• Image-text web data:
%%

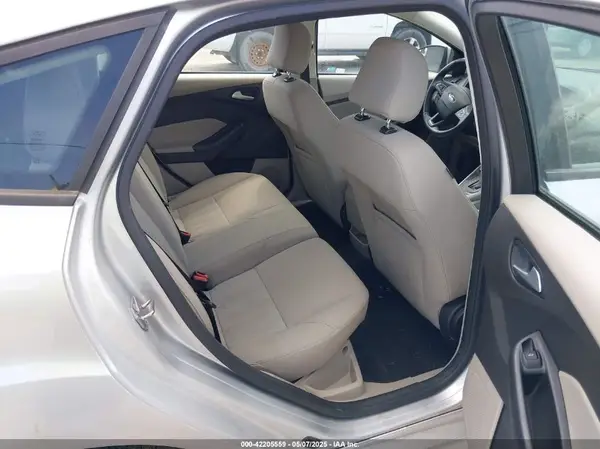 1FADP3K25GL266254 2016 FORD FOCUS - Image 8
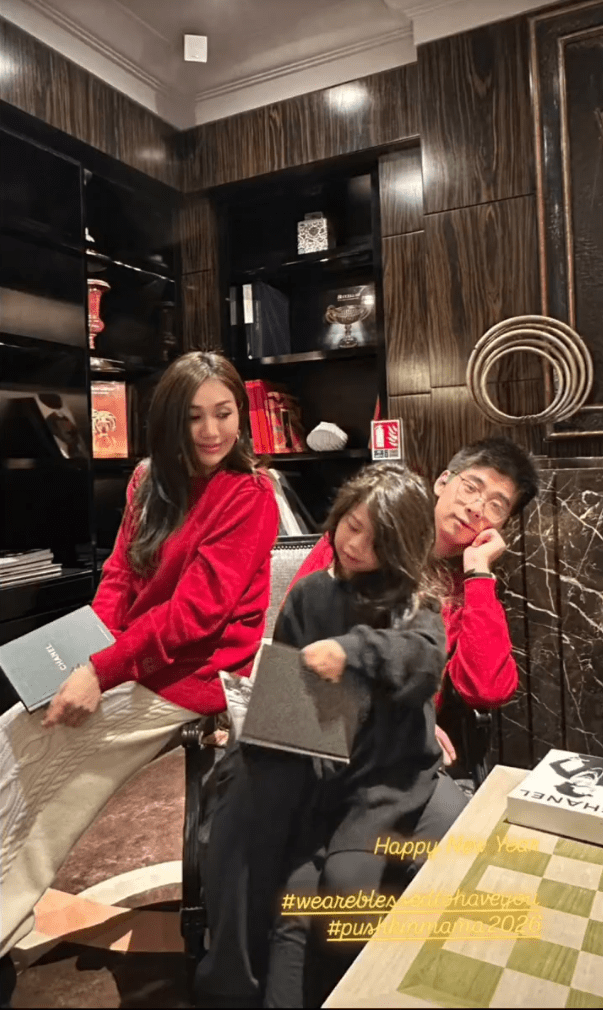何超盈女兒坐爸爸大脾。 何超盈女兒坐爸爸大脾。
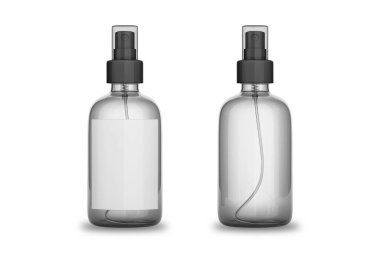 Arkaplanda izole edilmiş boş etiketli saydam sprey şişesi. Deri dezenfeksiyonu için spreyli tıbbi şişe..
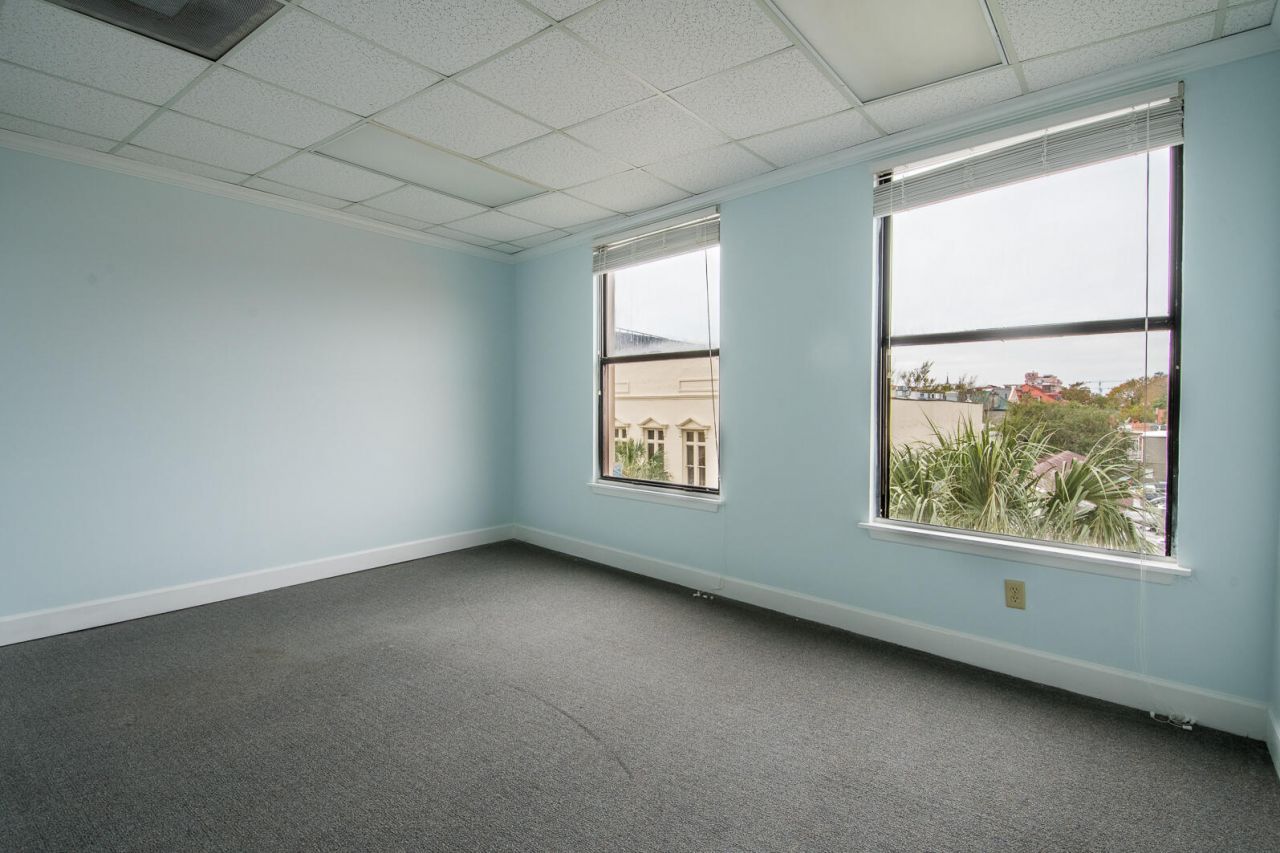 174 E Bay Street Photo 19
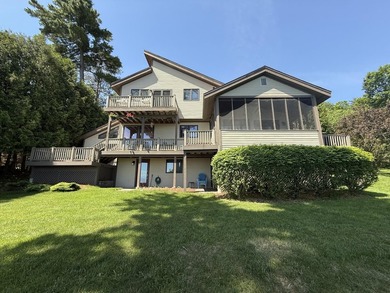 Turnkey Lakehouse on quiet dead end street, selling completely - photo 1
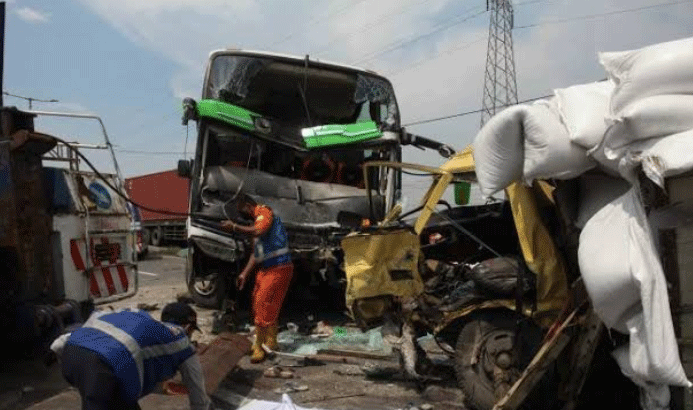 Penumpang Bus Penyebab Tabrakan di Tol Dupak Sempat Mengamuk di Ampel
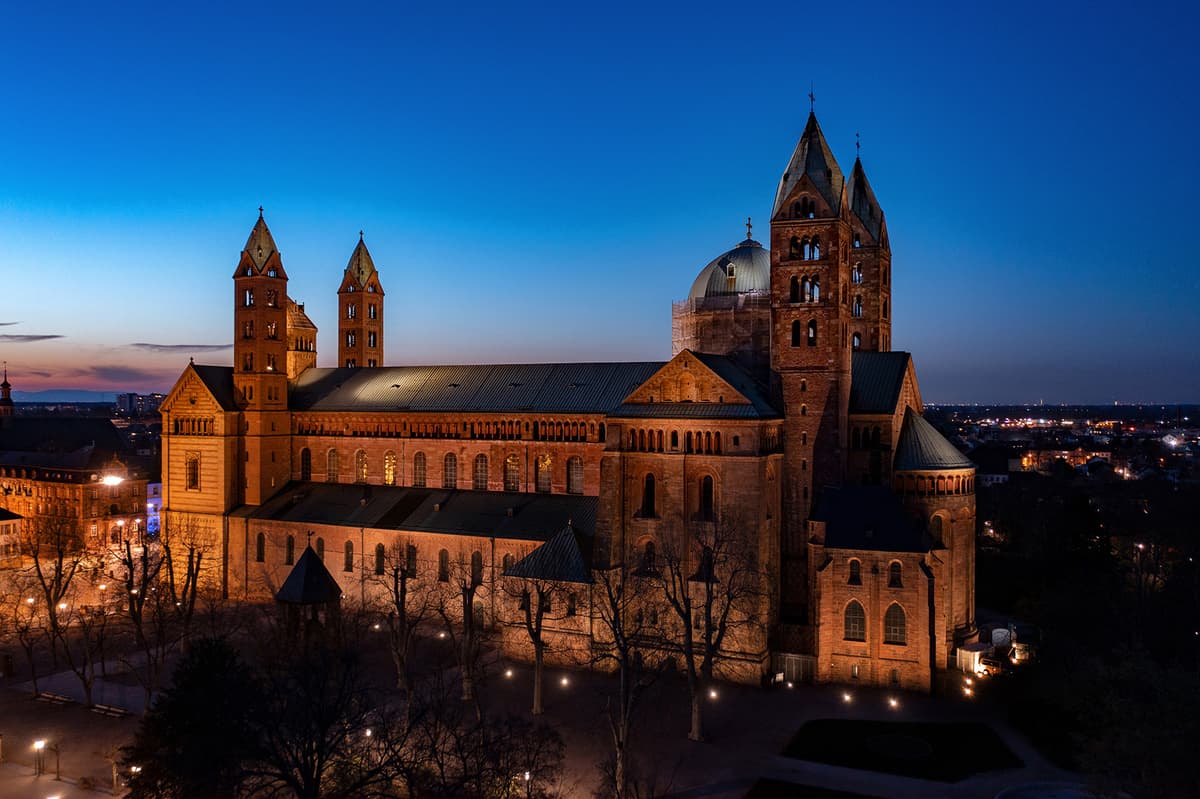 Der Speyerer Dom von Südwesten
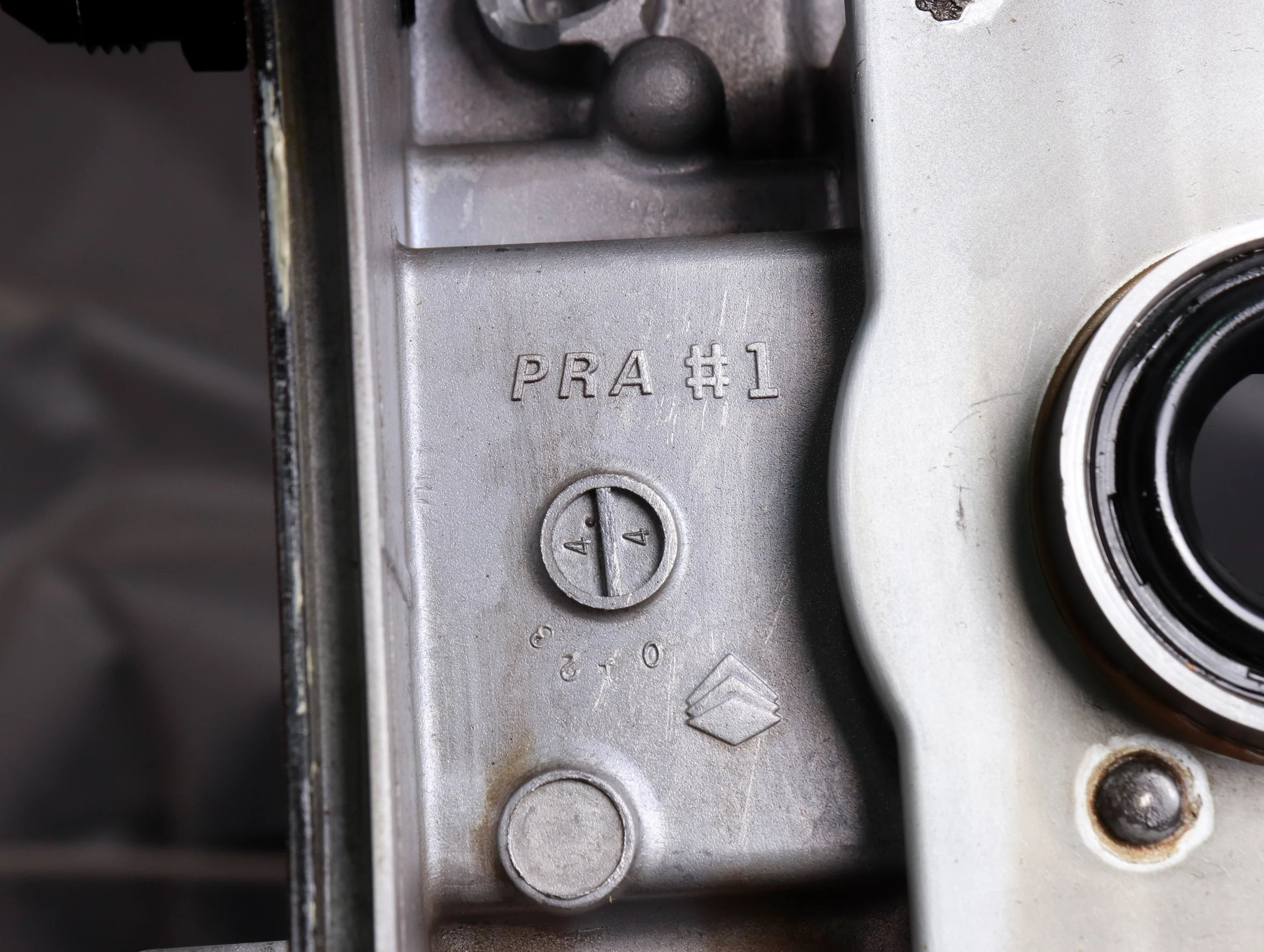 Honda OEM K-Series Valve Cover w/AN Fitting and Skunk2 Oil Cap - Wrinkle Black (Used) - Image 7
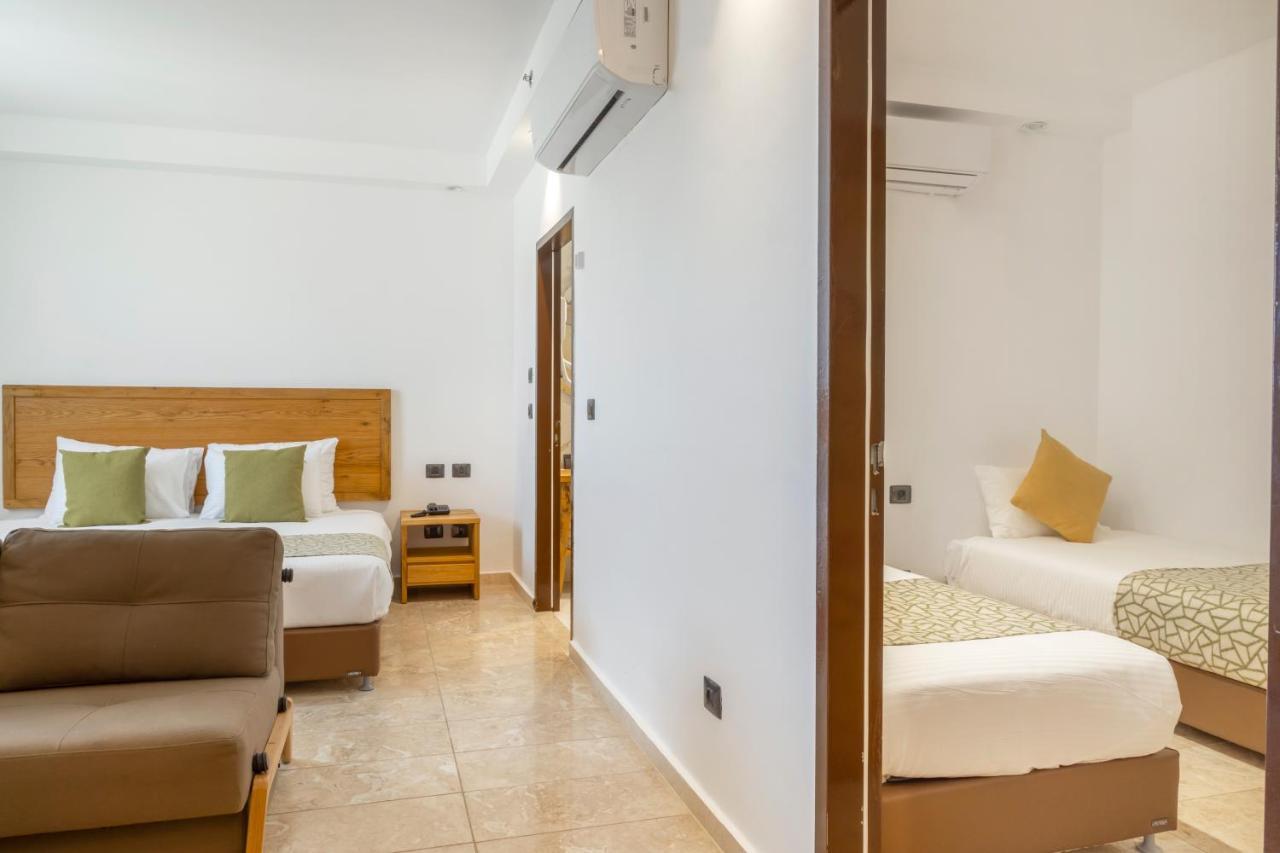 Ramon Suites By Smart Hotels Mitzpe Ramon Exterior photo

%%

• Aim of the task: Your task is to transcribe exactly the lines from the one containing "Der Speyerer Dom von Südwesten" through the final line of the entries above, pictures excluded.

• Task result:
 Der Speyerer Dom von Südwesten
 Honda OEM K-Series Valve Cover w/AN Fitting and Skunk2 Oil Cap - Wrinkle Black (Used) - Image 7
 Ramon Suites By Smart Hotels Mitzpe Ramon Exterior photo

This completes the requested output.